Equipment for Sprouting Lentils
You don't need any special equipment for sprouting lentils, but it is slightly less work to use a specially designed jar or tray sprouter. The table below gives more details of the pros and cons of each type of equipment, so read that to see which would suit you best.
My preferred option is the jar with the mesh top, and I've had mine for years. My jar is by Biosnacky, and I definitely recommend it. These jars are easily available in the UK, but they are currently unavailable on Amazon.com. However, you can buy strainer lids that fit onto your own quart sized jars, which are a great idea and can be used in the same way as my jar.
If you plan to sprout large quantities of lentils or other pulses, then a tiered tray sprouter is probably the best idea. These are easily available, and I have included a link to a 5 star one on Amazon.
You can make your own sprouter with a wide necked jar, kitchen paper or a muslin cloth and a rubber band. If you use kitchen paper you will need to remove this for rinsing and it's best to do so even if you use a muslin cloth.

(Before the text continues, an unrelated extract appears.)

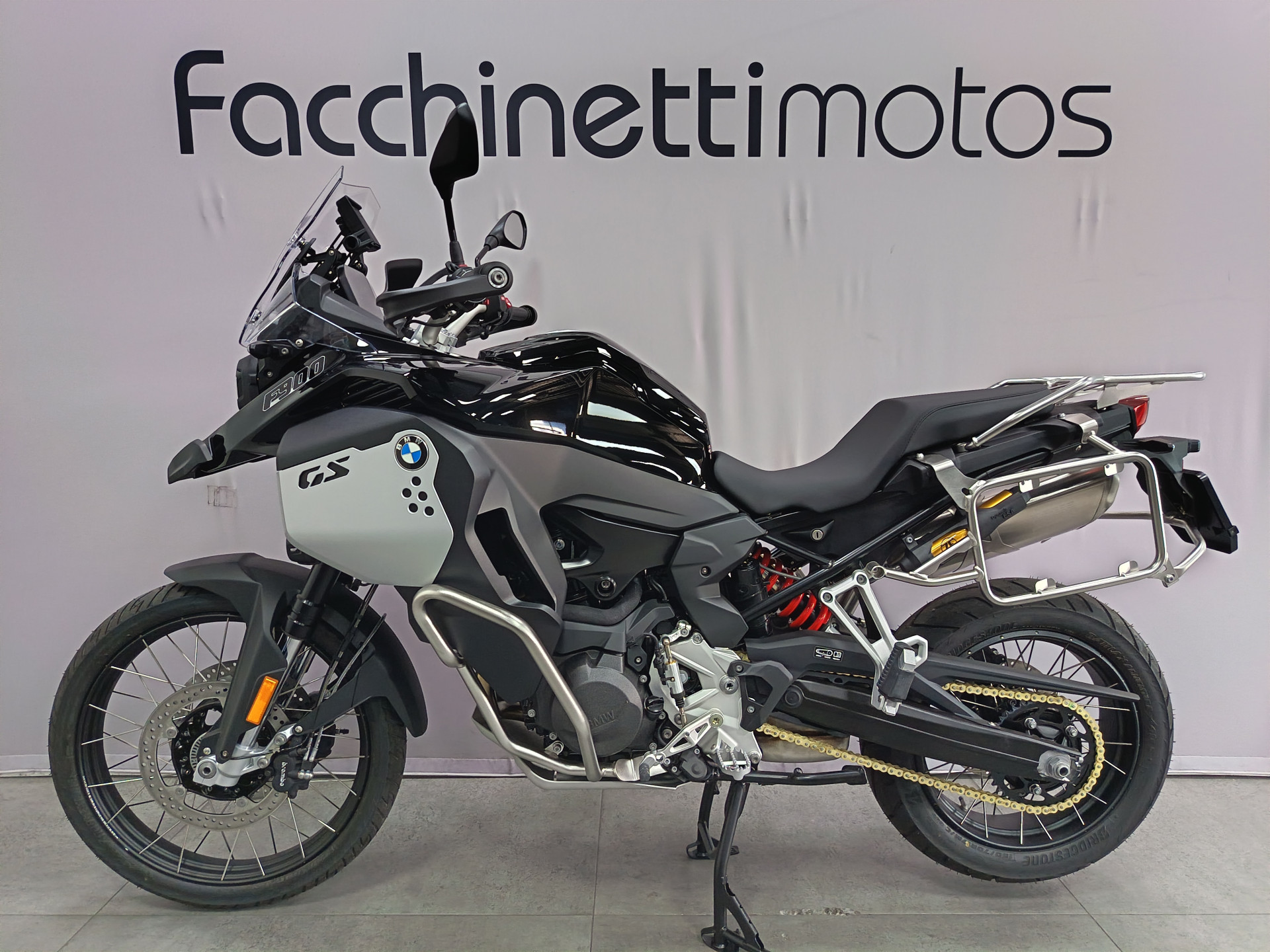 BMW F 900 GS Adventure *** selle extra-basse ***-image-3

Pros and cons of sprouting methods
Possible to sprout several batches of lentils at once. Easy to rinse sprouts.
Top layer is prone to drying out
Sprouting jar with mesh top
Easy to rinse sprouts. Usually grow well.
Wide jam jar, kitchen paper and rubber band
Cheap! Sprouts usually grow well.
You need to tip the sprouts into a sieve to rinse
Soak lentils in water
How to Sprout Lentils
1) First soak your chosen lentils for several hours or preferably overnight.
If you use the stacking trays, their instructions may say there is no need to soak the lentils first. (My tray sprouter’s instructions did advise this, but I think the lentils - or any other pulse - sprout better if they have been soaked first.)
2) After soaking the lentils for 8 - 12 hours, drain them and rinse.
If you have a jar with a mesh lid, all you need to do is drain the lentils through this, add more cold water and drain again. Make sure there isn't a puddle of water remaining at the bottom.
When your lentils begin to sprout drainage becomes slightly more difficult and it is a good idea to tip the jar upside-down and leave it that way for a few minutes to ensure it has drained. Some types of jar have a lid that enables you to tip the jar at an angle to enable easy draining. (Mine does.) But if yours doesn't have this, don't worry, your lentils will sprout fine anyway.
If you have an ordinary jam jar you will need to transfer the lentils to a sieve for rinsing. Once you have done that, return them to the jar.
If you are using a tiered sprouter, it is best to follow the manufacturers instructions, but generally all you need to do is spray the lentils lightly with water a few times a day.
3) Repeat rinsing twice a day until the sprouts are ready. They will begin to develop shoots after a day or so, and will be ready within about 3 days. How fast they develop will depend on how warm they are - the warmer it is, the faster they will develop. For this reason, it's best to keep them somewhere warm.
When sprouting lentils, you don't need to place them in the dark, but do keep them out of the sun. The lentils need to be moist but not waterlogged.
Red lentils do not sprout well.
Sprouting Lentils: the main points
- Use green, brown, puy or French lentils, but NOT red.
- Soak overnight.
- Rinse twice a day.
- Keep in a warm place.
- Eat raw or cooked.
The picture opposite shows red lentils after 3 days. They have only tiny shoots on a few of the lentils.
How to Prepare Sprouted Lentils
All you need to do before eating sprouted lentils is to give them a final rinse. They are delicious raw in salads or lightly fried in a stir-fry.
Sprouting Lentils: Trouble shooting
It is very easy to grow lentil sprouts, but if anything does go wrong, it is likely to be one of the following:
The lentils have gone moldy.
- This is because they are too wet and/or have been left too long. Once lentils are fully sprouted, transfer them to the fridge where they will keep for several days.
The lentils haven't sprouted.
- If you have followed the instructions and used only suitable types of lentil, then most likely your lentils are too old to sprout. Don't worry, you can still use them in normal cooking instead.
- Always buy lentils (or other pulses) for sprouting from a store that sells them often enough to have a good turnover, and don't use lentils you've had at the back of a cupboard for years!
- The other reason your lentils might not sprout is if they are too cold. In winter make sure you keep them in a warm place.